The draw for the qualifying stages of the 2018 World Cup took was conducted while I was asleep. To be honest, I’d forgotten that it was even taking place last weekend. When I awoke, it was to discover the sudden appearance of Mel Gibson all over my Facebook feed. There he was, charging forward, arm extended, offering the hand of … well, not exactly friendship.
Scotland v England; the auld enemy drawn together in the same group. Two competitive matches to anticipate. Fortunately, the recent progress that Scotland has made under Gordon Strachan means that those matches will actually be competitive. England start as big favourites of course but they can expect a stern test at both Hampden and Wembley.
Strachan said that “the whole of Scotland are roaring” after the draw: “they make take all three points, but they will never take our underdog sense of grievance” or something like that.
Scotland v England is the oldest international fixture in the world and it may be a little bit of an understatement to describe the rivalry as intense. I’m all in favour of intense rivalry and even more in favour of the ‘banter’ that stokes it. I must also confess (and I’m not particularly proud of this) that I tend to support whichever opposition England happen to be facing.
That said, I have very little time for the ‘stand up if you hate England’ brigade. It’s a song (and there are plenty of others like it) that gets repeated airings at Hampden and never fails to strike me as rather pathetic.
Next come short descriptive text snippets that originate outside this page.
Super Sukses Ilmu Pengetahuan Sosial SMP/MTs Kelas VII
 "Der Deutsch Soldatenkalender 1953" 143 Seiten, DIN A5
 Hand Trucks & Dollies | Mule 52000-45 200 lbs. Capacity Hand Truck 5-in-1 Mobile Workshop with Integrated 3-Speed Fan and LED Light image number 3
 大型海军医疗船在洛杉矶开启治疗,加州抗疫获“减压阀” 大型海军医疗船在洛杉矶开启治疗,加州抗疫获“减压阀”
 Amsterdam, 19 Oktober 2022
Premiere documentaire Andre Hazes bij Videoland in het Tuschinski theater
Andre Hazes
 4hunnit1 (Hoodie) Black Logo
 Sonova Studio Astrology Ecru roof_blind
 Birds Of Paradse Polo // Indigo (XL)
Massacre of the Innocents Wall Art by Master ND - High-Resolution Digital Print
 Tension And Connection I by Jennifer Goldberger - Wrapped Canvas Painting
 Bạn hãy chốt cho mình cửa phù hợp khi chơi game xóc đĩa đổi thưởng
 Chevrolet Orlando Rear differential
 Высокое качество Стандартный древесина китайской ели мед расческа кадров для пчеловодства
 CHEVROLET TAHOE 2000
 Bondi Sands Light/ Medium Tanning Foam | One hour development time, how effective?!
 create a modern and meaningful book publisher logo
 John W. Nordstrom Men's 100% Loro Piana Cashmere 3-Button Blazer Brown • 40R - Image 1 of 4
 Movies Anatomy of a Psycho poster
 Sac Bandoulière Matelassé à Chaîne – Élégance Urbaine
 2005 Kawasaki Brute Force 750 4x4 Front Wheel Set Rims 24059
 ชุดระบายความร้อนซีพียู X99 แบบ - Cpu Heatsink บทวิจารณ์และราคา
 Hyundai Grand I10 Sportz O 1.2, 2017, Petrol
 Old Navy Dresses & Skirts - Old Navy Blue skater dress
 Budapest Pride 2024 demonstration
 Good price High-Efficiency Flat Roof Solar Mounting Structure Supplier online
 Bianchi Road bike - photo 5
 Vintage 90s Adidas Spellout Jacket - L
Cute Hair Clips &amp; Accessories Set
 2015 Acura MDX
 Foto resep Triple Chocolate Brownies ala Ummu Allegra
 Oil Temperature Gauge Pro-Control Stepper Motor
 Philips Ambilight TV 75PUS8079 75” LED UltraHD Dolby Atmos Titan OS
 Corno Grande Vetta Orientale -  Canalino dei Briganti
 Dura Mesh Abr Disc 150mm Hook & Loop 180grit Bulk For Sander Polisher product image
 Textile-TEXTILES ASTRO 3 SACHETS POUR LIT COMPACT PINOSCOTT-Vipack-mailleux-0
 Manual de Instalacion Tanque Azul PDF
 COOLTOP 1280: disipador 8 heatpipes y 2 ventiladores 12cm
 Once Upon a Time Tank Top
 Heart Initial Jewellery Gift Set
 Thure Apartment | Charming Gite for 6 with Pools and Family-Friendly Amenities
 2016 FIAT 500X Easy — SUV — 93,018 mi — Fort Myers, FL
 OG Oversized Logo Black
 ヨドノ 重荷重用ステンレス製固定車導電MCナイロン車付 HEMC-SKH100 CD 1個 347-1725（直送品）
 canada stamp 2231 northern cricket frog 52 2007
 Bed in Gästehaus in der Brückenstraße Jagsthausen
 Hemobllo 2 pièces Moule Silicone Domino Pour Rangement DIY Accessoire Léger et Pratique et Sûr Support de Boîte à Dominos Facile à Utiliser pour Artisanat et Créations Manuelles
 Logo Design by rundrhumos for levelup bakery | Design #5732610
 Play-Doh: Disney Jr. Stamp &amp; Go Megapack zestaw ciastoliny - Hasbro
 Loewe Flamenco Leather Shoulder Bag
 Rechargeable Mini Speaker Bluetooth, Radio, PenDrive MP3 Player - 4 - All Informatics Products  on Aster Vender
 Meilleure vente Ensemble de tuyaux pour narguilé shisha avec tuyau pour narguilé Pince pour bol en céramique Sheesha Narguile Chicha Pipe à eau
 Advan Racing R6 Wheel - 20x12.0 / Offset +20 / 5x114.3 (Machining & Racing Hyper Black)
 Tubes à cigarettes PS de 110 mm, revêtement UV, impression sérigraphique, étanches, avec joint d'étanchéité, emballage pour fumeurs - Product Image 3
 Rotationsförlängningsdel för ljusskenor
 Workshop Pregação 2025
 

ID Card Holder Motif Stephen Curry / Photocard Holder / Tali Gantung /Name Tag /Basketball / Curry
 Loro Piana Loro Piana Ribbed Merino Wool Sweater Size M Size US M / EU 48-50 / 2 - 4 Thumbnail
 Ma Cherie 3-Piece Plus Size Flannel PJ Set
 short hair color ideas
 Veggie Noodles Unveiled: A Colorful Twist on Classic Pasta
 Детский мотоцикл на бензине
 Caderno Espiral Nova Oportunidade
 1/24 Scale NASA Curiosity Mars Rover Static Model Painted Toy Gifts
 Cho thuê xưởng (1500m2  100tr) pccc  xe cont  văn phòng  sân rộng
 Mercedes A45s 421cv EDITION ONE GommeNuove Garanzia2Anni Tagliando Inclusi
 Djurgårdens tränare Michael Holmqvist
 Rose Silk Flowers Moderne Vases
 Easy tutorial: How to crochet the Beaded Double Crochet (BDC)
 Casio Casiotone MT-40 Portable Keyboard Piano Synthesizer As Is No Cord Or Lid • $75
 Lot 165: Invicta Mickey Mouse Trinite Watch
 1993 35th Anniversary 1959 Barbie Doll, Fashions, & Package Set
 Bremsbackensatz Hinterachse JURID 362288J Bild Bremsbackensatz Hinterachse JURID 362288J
I am a very patriotic Scot but not a nationalist (at least not in the contemporary context of Scottish politics). I think there’s a perfectly reasonable case to be made for Scottish independence and it’s one that it is sometimes but not always made by the SNP. It’s not a case that I find entirely convincing however and that’s why I would’ve voted no in last year’s referendum if I’d been entitled to vote (something denied to me as a Scot living overseas).
While there were some very positive aspects of the referendum campaign – the level of engagement among young people for instance – it did bring to the surface the dark and unseemly underbelly of Scottish nationalism. There lurks hatred of the English and indeed hatred of anyone (“traitors” is the term often employed) of anyone who doesn’t share their zeal for independence.
I sincerely hope that the forthcoming games are remembered as a sporting spectacle and that the banter remains exactly that and doesn’t become something altogether uglier.
The matches promise to be two great occasions and you should definitely take the chance to watch if you like your football with a generous side serving of intensity. These will be games for the brave rather than faint of heart, on the pitch and in the stands.